_WHAT TO PRODUCE_. Write out all of the entries exactly as given.

_SOURCE DATA_.
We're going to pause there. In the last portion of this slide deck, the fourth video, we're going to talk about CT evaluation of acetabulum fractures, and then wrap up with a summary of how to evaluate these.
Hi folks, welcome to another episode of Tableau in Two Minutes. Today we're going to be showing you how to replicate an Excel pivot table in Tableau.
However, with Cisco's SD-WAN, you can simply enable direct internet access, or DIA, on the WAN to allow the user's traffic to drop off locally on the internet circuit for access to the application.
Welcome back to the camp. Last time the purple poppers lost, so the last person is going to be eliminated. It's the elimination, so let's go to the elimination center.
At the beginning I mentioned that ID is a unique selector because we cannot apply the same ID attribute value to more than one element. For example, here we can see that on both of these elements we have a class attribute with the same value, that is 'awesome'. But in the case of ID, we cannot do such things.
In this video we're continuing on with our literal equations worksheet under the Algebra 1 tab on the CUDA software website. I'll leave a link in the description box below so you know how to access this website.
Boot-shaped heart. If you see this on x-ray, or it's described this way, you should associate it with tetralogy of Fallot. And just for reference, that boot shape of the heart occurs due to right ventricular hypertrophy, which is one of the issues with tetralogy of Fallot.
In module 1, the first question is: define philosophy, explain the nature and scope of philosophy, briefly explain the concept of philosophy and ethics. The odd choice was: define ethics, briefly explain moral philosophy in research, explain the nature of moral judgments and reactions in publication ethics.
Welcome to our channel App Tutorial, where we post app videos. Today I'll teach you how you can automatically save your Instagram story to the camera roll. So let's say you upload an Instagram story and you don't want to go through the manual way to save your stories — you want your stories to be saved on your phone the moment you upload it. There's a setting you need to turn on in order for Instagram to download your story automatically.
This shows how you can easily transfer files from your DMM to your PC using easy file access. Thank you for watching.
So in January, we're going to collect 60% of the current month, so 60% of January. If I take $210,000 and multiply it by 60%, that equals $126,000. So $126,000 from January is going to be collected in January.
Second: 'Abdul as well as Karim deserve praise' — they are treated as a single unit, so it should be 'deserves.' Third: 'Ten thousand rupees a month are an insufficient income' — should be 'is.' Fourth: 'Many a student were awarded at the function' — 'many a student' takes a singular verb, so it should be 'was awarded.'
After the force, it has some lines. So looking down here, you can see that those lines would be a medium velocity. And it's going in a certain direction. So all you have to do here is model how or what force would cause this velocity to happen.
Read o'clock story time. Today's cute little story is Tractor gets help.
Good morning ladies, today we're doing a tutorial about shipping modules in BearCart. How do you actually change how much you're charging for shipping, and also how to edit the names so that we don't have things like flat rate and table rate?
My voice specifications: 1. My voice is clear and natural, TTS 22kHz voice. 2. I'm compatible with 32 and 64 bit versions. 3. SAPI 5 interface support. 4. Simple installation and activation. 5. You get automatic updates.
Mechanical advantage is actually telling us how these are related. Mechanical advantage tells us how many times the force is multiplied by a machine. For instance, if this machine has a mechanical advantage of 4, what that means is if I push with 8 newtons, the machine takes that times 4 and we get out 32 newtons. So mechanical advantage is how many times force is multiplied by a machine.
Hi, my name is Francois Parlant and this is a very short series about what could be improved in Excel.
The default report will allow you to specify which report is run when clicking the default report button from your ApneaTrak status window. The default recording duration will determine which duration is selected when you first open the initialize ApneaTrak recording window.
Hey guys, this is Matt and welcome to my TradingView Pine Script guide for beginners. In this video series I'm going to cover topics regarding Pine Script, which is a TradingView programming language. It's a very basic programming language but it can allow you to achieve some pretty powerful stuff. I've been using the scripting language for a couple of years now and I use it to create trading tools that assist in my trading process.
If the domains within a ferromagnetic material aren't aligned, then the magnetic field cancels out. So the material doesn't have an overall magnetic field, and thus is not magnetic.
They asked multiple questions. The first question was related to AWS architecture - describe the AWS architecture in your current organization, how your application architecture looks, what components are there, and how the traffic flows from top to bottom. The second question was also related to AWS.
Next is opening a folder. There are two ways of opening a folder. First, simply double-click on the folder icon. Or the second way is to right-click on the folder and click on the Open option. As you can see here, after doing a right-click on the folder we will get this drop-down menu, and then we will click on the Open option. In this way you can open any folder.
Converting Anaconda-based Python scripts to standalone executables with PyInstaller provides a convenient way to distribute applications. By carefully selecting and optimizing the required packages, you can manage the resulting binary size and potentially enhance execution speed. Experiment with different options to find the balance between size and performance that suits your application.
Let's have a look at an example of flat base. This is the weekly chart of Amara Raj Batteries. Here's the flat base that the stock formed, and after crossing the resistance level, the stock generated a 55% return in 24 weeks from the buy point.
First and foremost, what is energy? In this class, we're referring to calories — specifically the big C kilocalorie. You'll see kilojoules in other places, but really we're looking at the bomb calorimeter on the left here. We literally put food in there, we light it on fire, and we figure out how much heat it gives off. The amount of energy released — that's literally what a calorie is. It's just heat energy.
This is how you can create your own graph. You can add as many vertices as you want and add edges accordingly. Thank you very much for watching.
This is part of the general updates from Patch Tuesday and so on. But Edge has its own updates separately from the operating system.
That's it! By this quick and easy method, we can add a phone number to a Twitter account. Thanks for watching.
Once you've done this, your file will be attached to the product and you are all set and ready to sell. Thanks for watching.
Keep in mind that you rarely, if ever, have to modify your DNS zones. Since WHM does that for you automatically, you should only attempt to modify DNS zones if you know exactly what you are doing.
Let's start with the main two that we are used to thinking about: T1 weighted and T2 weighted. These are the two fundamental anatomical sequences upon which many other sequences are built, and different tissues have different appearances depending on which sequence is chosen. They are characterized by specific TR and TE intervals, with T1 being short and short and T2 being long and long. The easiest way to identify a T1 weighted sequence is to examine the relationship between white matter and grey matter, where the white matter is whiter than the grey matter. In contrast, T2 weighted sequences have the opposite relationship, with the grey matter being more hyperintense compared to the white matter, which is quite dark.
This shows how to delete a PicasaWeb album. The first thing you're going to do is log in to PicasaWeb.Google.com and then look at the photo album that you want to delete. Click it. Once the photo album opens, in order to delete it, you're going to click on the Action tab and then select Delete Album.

_ANSWER BOX_.
We're going to pause there. In the last portion of this slide deck, the fourth video, we're going to talk about CT evaluation of acetabulum fractures, and then wrap up with a summary of how to evaluate these.
Hi folks, welcome to another episode of Tableau in Two Minutes. Today we're going to be showing you how to replicate an Excel pivot table in Tableau.
However, with Cisco's SD-WAN, you can simply enable direct internet access, or DIA, on the WAN to allow the user's traffic to drop off locally on the internet circuit for access to the application.
Welcome back to the camp. Last time the purple poppers lost, so the last person is going to be eliminated. It's the elimination, so let's go to the elimination center.
At the beginning I mentioned that ID is a unique selector because we cannot apply the same ID attribute value to more than one element. For example, here we can see that on both of these elements we have a class attribute with the same value, that is 'awesome'. But in the case of ID, we cannot do such things.
In this video we're continuing on with our literal equations worksheet under the Algebra 1 tab on the CUDA software website. I'll leave a link in the description box below so you know how to access this website.
Boot-shaped heart. If you see this on x-ray, or it's described this way, you should associate it with tetralogy of Fallot. And just for reference, that boot shape of the heart occurs due to right ventricular hypertrophy, which is one of the issues with tetralogy of Fallot.
In module 1, the first question is: define philosophy, explain the nature and scope of philosophy, briefly explain the concept of philosophy and ethics. The odd choice was: define ethics, briefly explain moral philosophy in research, explain the nature of moral judgments and reactions in publication ethics.
Welcome to our channel App Tutorial, where we post app videos. Today I'll teach you how you can automatically save your Instagram story to the camera roll. So let's say you upload an Instagram story and you don't want to go through the manual way to save your stories — you want your stories to be saved on your phone the moment you upload it. There's a setting you need to turn on in order for Instagram to download your story automatically.
This shows how you can easily transfer files from your DMM to your PC using easy file access. Thank you for watching.
So in January, we're going to collect 60% of the current month, so 60% of January. If I take $210,000 and multiply it by 60%, that equals $126,000. So $126,000 from January is going to be collected in January.
Second: 'Abdul as well as Karim deserve praise' — they are treated as a single unit, so it should be 'deserves.' Third: 'Ten thousand rupees a month are an insufficient income' — should be 'is.' Fourth: 'Many a student were awarded at the function' — 'many a student' takes a singular verb, so it should be 'was awarded.'
After the force, it has some lines. So looking down here, you can see that those lines would be a medium velocity. And it's going in a certain direction. So all you have to do here is model how or what force would cause this velocity to happen.
Read o'clock story time. Today's cute little story is Tractor gets help.
Good morning ladies, today we're doing a tutorial about shipping modules in BearCart. How do you actually change how much you're charging for shipping, and also how to edit the names so that we don't have things like flat rate and table rate?
My voice specifications: 1. My voice is clear and natural, TTS 22kHz voice. 2. I'm compatible with 32 and 64 bit versions. 3. SAPI 5 interface support. 4. Simple installation and activation. 5. You get automatic updates.
Mechanical advantage is actually telling us how these are related. Mechanical advantage tells us how many times the force is multiplied by a machine. For instance, if this machine has a mechanical advantage of 4, what that means is if I push with 8 newtons, the machine takes that times 4 and we get out 32 newtons. So mechanical advantage is how many times force is multiplied by a machine.
Hi, my name is Francois Parlant and this is a very short series about what could be improved in Excel.
The default report will allow you to specify which report is run when clicking the default report button from your ApneaTrak status window. The default recording duration will determine which duration is selected when you first open the initialize ApneaTrak recording window.
Hey guys, this is Matt and welcome to my TradingView Pine Script guide for beginners. In this video series I'm going to cover topics regarding Pine Script, which is a TradingView programming language. It's a very basic programming language but it can allow you to achieve some pretty powerful stuff. I've been using the scripting language for a couple of years now and I use it to create trading tools that assist in my trading process.
If the domains within a ferromagnetic material aren't aligned, then the magnetic field cancels out. So the material doesn't have an overall magnetic field, and thus is not magnetic.
They asked multiple questions. The first question was related to AWS architecture - describe the AWS architecture in your current organization, how your application architecture looks, what components are there, and how the traffic flows from top to bottom. The second question was also related to AWS.
Next is opening a folder. There are two ways of opening a folder. First, simply double-click on the folder icon. Or the second way is to right-click on the folder and click on the Open option. As you can see here, after doing a right-click on the folder we will get this drop-down menu, and then we will click on the Open option. In this way you can open any folder.
Converting Anaconda-based Python scripts to standalone executables with PyInstaller provides a convenient way to distribute applications. By carefully selecting and optimizing the required packages, you can manage the resulting binary size and potentially enhance execution speed. Experiment with different options to find the balance between size and performance that suits your application.
Let's have a look at an example of flat base. This is the weekly chart of Amara Raj Batteries. Here's the flat base that the stock formed, and after crossing the resistance level, the stock generated a 55% return in 24 weeks from the buy point.
First and foremost, what is energy? In this class, we're referring to calories — specifically the big C kilocalorie. You'll see kilojoules in other places, but really we're looking at the bomb calorimeter on the left here. We literally put food in there, we light it on fire, and we figure out how much heat it gives off. The amount of energy released — that's literally what a calorie is. It's just heat energy.
This is how you can create your own graph. You can add as many vertices as you want and add edges accordingly. Thank you very much for watching.
This is part of the general updates from Patch Tuesday and so on. But Edge has its own updates separately from the operating system.
That's it! By this quick and easy method, we can add a phone number to a Twitter account. Thanks for watching.
Once you've done this, your file will be attached to the product and you are all set and ready to sell. Thanks for watching.
Keep in mind that you rarely, if ever, have to modify your DNS zones. Since WHM does that for you automatically, you should only attempt to modify DNS zones if you know exactly what you are doing.
Let's start with the main two that we are used to thinking about: T1 weighted and T2 weighted. These are the two fundamental anatomical sequences upon which many other sequences are built, and different tissues have different appearances depending on which sequence is chosen. They are characterized by specific TR and TE intervals, with T1 being short and short and T2 being long and long. The easiest way to identify a T1 weighted sequence is to examine the relationship between white matter and grey matter, where the white matter is whiter than the grey matter. In contrast, T2 weighted sequences have the opposite relationship, with the grey matter being more hyperintense compared to the white matter, which is quite dark.
This shows how to delete a PicasaWeb album. The first thing you're going to do is log in to PicasaWeb.Google.com and then look at the photo album that you want to delete. Click it. Once the photo album opens, in order to delete it, you're going to click on the Action tab and then select Delete Album.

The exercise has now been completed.